The news conference was the latest attempt by supporters of rival Proposition O to try to counter the aggressive and well-financed Proposition P campaign. If approved on Nov. 8, Proposition O will kill Occidental’s plans to drill for oil across from Will Rogers State Beach. Proposition P, meanwhile, would reaffirm the city’s 1985 approval of the project. With less than two weeks remaining before the election, both sides in the drilling wars have been searching for something new to present to reporters. On Thursday, a bit of Hollywood was the lure. Actor James Garner, a longtime drilling opponent, was on hand to help unveil two Proposition O commercials, in which he appears, that warn voters that oil operations can be dangerous.
Witnessed 2 Explosions
A Brentwood resident, Garner told reporters that as a youth, he worked in the oil fields of west Texas and personally witnessed two explosions. He added that until five years ago, he served on the Board of Directors of Saxon Oil Co.

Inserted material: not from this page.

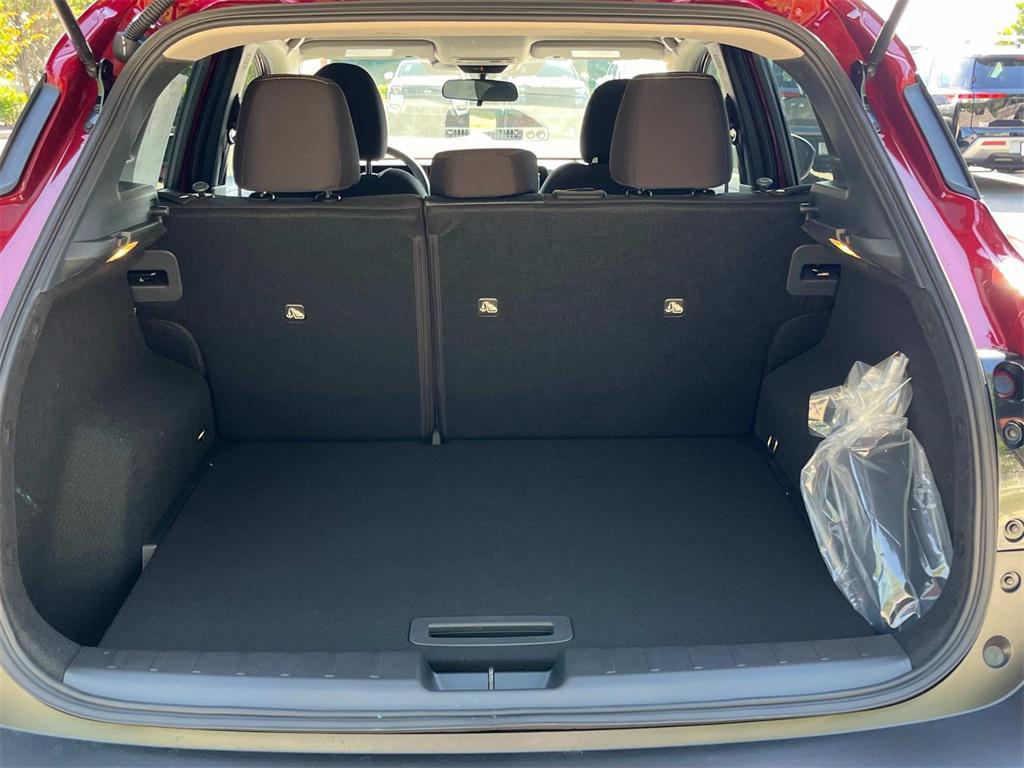 new 2025 Nissan Kicks car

“How do we get over to people that it’s not safe” to drill for oil? Garner asked.
In addition to Garner and his 30-second spots, the primary focus of Thursday’s news conference was Occidental’s safety record. But one of the key arguments had no direct relationship to oil-drilling operations.
That involved Occidental’s IBP Inc. meatpacking subsidiary, which has had numerous problems with 600 workers in its Dakota City, Neb., plant. Last year, the Occupational Safety and Health Administration fined Occidental $2.59 million for failing to report more than 1,000 worker injuries connected with animal slaughtering and the preparation of meat. Earlier this year, OSHA proposed a second $3.1-million fine, citing similar problems.
Occidental is appealing both fines.
The environmentalists also cited the explosion at the company’s Piper Alpha rig in the North Sea last July 6, killing 166 workers.
For months, Occidental has contended that the North Sea disaster is not analogous to an onshore drilling operation. But Hattoy and others defended the comparison again Thursday, insisting that accidents can happen whenever the highly volatile fuel is involved.
Fear of Offshore Operations
Hattoy acknowledged that even if Occidental had an unblemished safety record, environmentalists would oppose the project because of their fear that it might lead to offshore operations in nearby Santa Monica Bay. Proposition P backers have argued that it would not.
But the Sierra Club head said the Proposition P commercials have raised the issue of whether Occidental can be trusted to ensure safety at the 2-acre site. He contended that entrusting the coastline to Occidental “would be like turning our redwood forests over to chain-saw manufacturers or putting Bambi in the care of the National Rifle Assn.”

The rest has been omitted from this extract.